Published 9:00 pm Monday, September 18, 2023

Ever since the U.S. Supreme Court’s decisions last spring about affirmative action in college admissions, advocates of diversity in the workplace have wondered about the implications for employment. The recent lawsuit challenging an apprenticeship program designed to expand opportunities for people of color is likely to give us more data. And although many in the civil rights community are understandably wary, I think there’s a fair chance the program survives the challenge. If it doesn’t, we’ll wind up with a peculiarly unpleasant chicken-and-egg problem.

The suit was filed against Meta Platforms and two other defendants on behalf of James Harker, an experienced lighting technician who says that he’s been denied an opportunity to work on a commercial because he is white. In particular, he alleges that the “Double the Line” minority apprenticeship program violates his rights against employment discrimination. Under DTL, as it is known, the producer who is shooting a commercial agrees to select a member of a racial minority for a short-term paid post learning alongside the crew member who already has a budget line; hence the name of the program.

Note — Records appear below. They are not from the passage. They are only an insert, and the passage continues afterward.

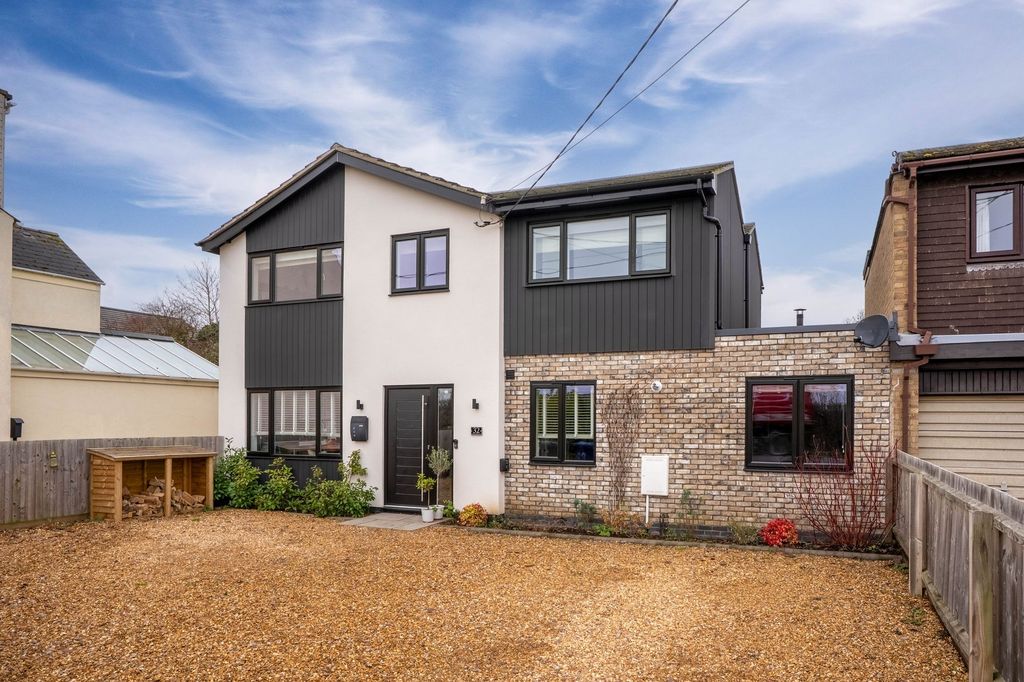 Property photo 1 of 24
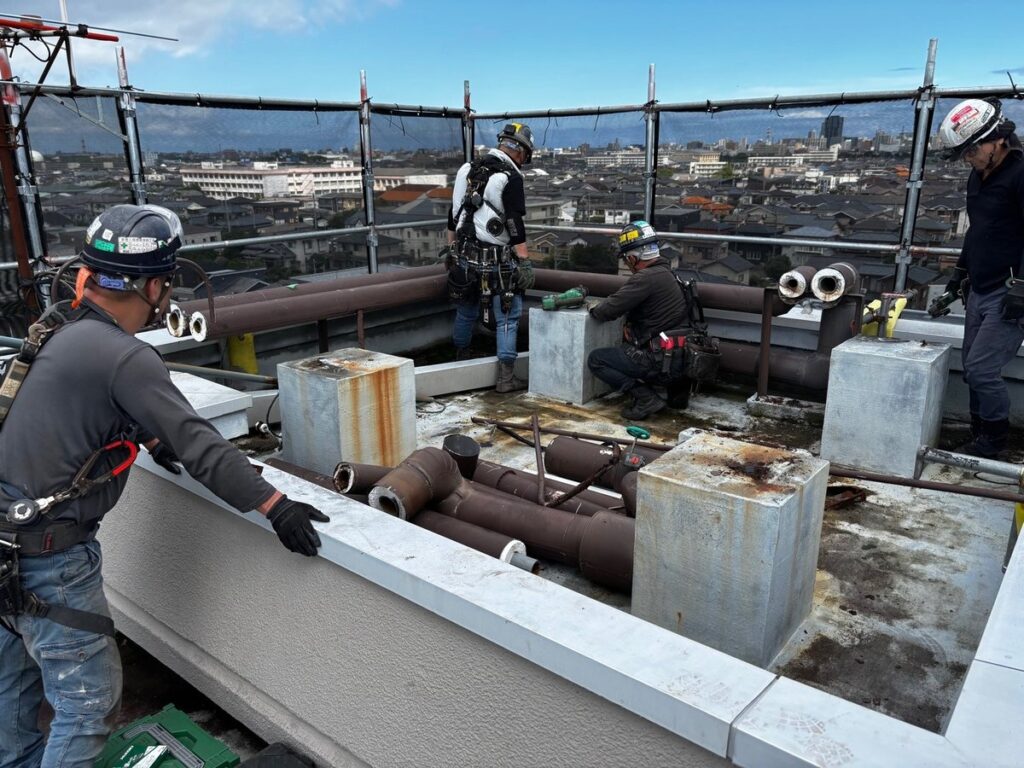 屋上タンクなどの設備を撤去した後のマンション屋上
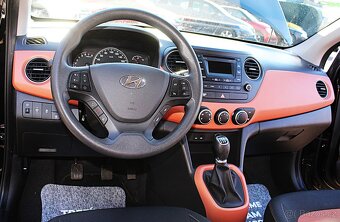 Hyundai i10 1.0i - 10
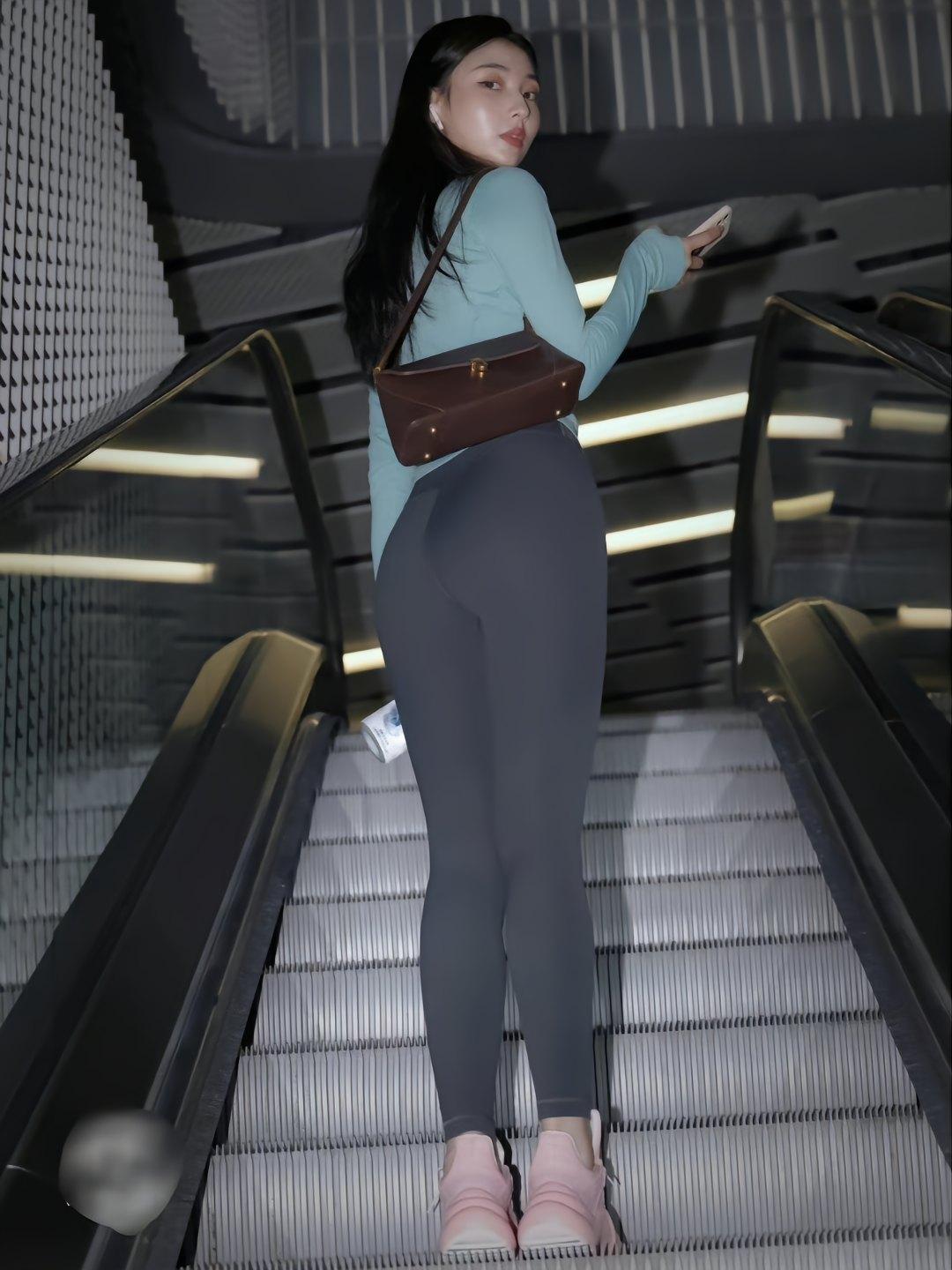 图片[1]-晚上逛商场的瑜伽裤漂亮女孩J2244 225P2V-15.1GB-无忧兔兔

Is opposing employer diversity programs the logical extension of the Supreme Court’s decisions against affirmative action? I’m skeptical.

Let’s start at the beginning. Long before any decisions by the current court, it was clearly illegal to discriminate against employees because they were White. Nearly half a century ago, in a unanimous opinion authored by Justice Thurgood Marshall, the justices affirmed that Title VII of the Civil Rights Act of 1964 imposed upon employers an “obligation not to discriminate against whites.”

Lawsuits against employers for violating that obligation are neither new nor newsworthy. They’ve been around for decades. They’ve even been filed by the Equal Employment Opportunity Commission. On its website, the EEOC touts its work on behalf of (among other examples) a white hotel employee who claimed she was fired after being told “you’re the wrong color”; and its 2011 settlement with a retail clothing chain that allegedly refused to hire white sales staff.

Some of the cases make headlines. In July, a federal court jury ordered Starbucks to pay $25.6 million to a former regional manager who claimed that her firing was part of an effort by the company to “punish White employees.” Last month, the judge in the case tacked on $2.7 million for additional lost wages and benefits.

True, the plaintiffs’ wins are rare. That’s because the courts generally require that the claimant who is white or male show not simply that the employer in question has an affirmative action program, but that in the absence of the program, the claimant would have been hired or promoted.

Will the Supreme Court majority change that well-established body of law? At minimum, one suspects that the justices will soon direct the lower courts to give formal affirmative hiring a closer scrutiny. And yet I suspect most hiring programs should survive.

For one thing, unlike college admissions, where the justices have been openly skeptical for decades about the use of race, there’s lots of law, including Supreme Court decisions, upholding voluntary affirmative action programs. For another, we’re talking about an entirely different statute. For a third, businesses tend to like diversity programs. (So do colleges, but businesses face discipline by the markets if their profits fall, so their support means a lot more.) Perhaps most important, although some employment decisions fit the zero-sum model that troubled the court about college admissions, it’s certainly not true of all — and, in a tight labor market, might not be true of most.

Or maybe, as many fear, the justices will dump half a century of precedent into the waste bin, and rule that companies can’t use race-conscious hiring as a tool for overcoming imbalances in their workforces. Even if that happens, there should be some implements left in the diversity tool kit — including, in particular, apprenticeship and training programs. Perhaps federal courts will take a harder look at affirmative action in hiring. One hopes those programs will survive, but if they don’t, it would be daylight madness to also eliminate the apprenticeship and training programs that help equip future nonwhite job seekers with the skills they’ll need if all employment decisions are henceforth required to be race-neutral.